(DATA EXCERPTS begins)

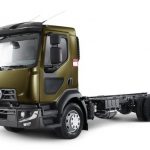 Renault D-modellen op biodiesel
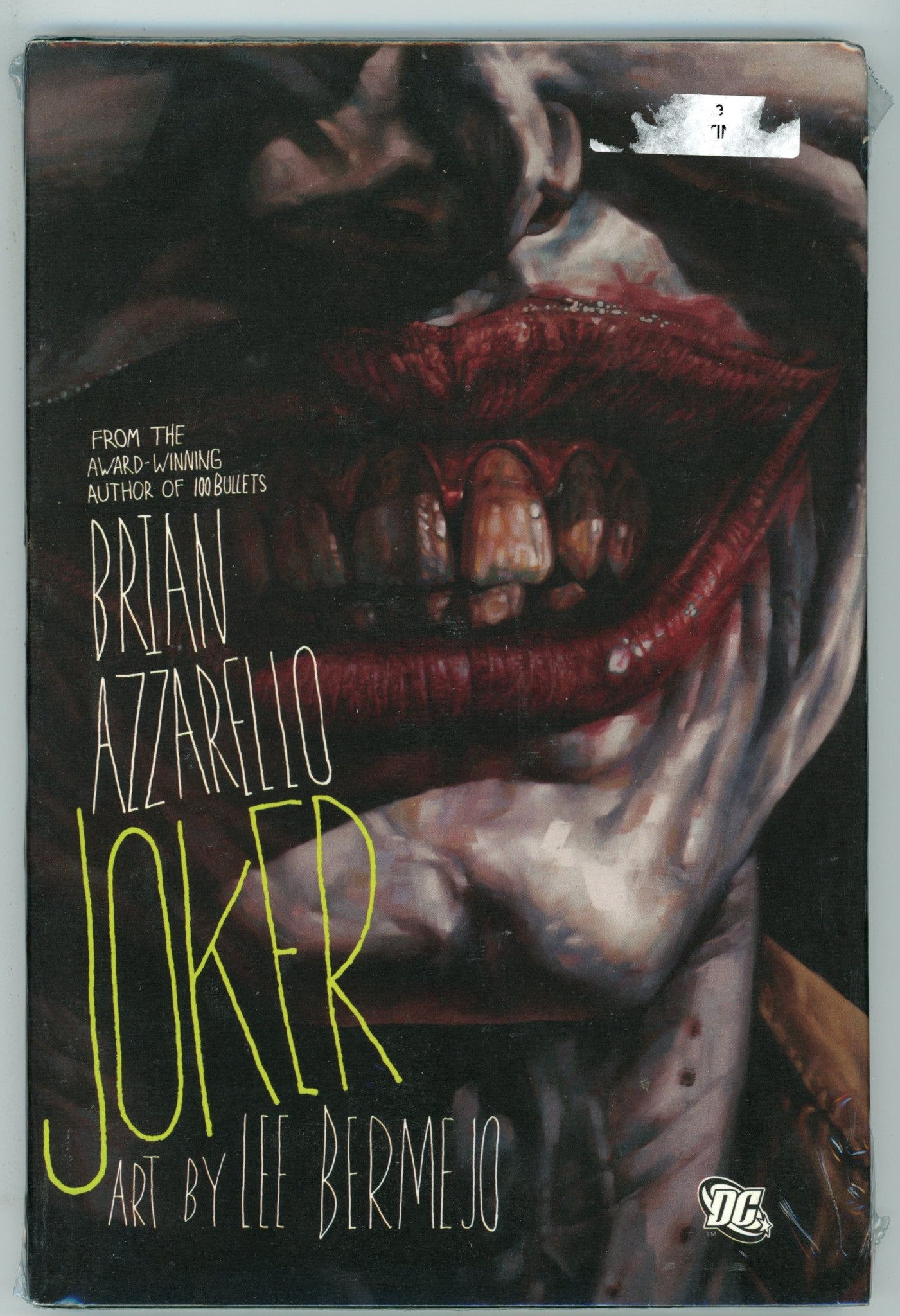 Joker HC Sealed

(DATA EXCERPTS ends)
(DATA EXCERPTS begins)

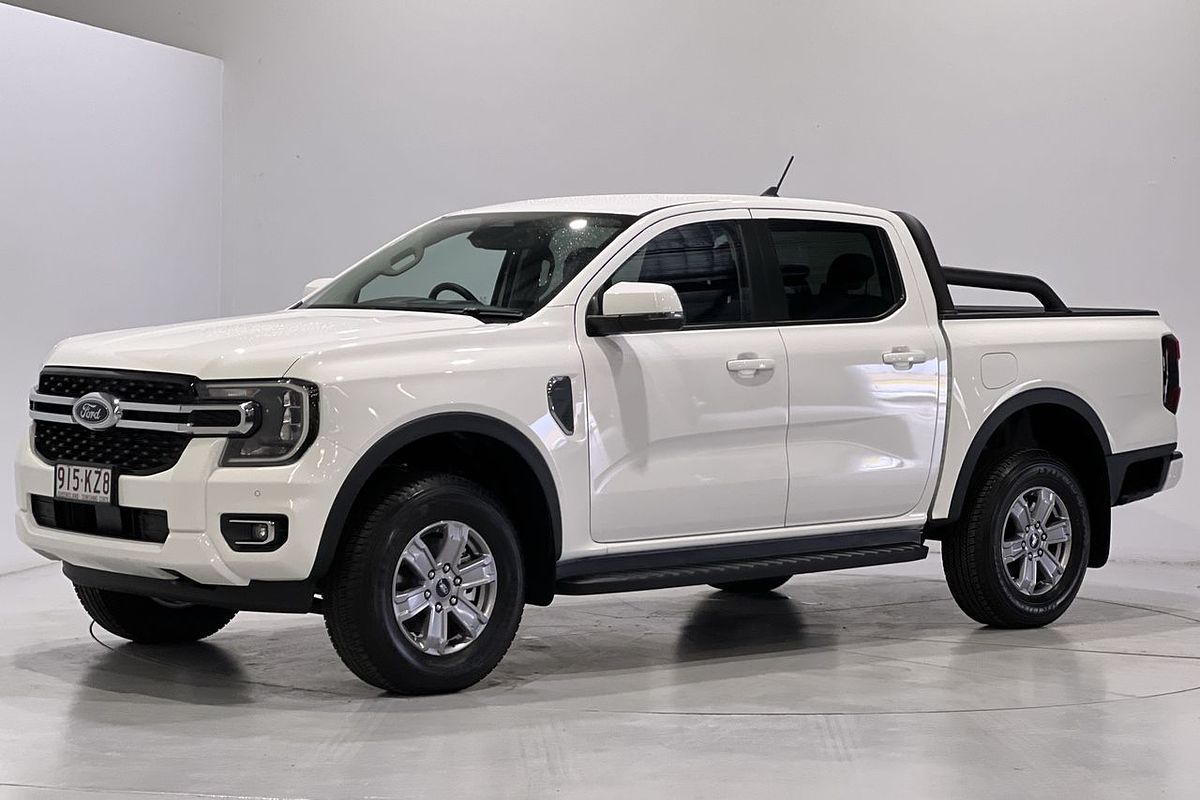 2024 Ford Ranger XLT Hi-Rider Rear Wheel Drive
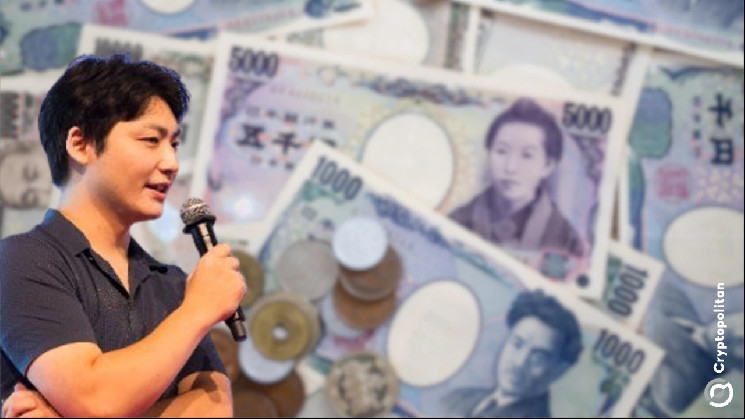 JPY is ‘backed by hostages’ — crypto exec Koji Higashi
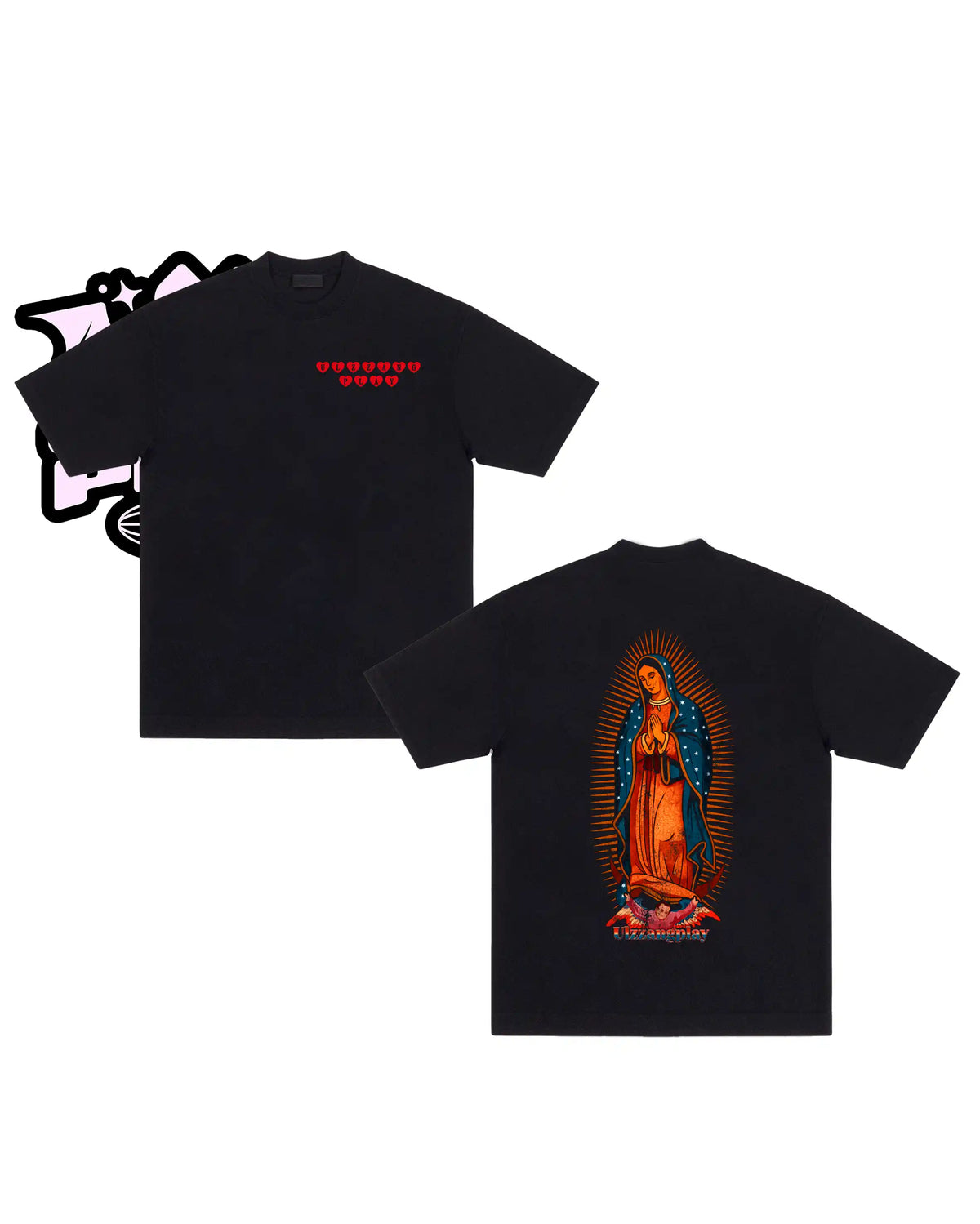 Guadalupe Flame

(DATA EXCERPTS ends)

THE PROBLEM
Above are entries with pictures among them. Write out exactly the lines from the one containing "Renault D-modellen op biodiesel" through the one containing "Joker HC Sealed", ends included, and leave those pictures out.

ANSWER TO THIS TASK
 Renault D-modellen op biodiesel
 Joker HC Sealed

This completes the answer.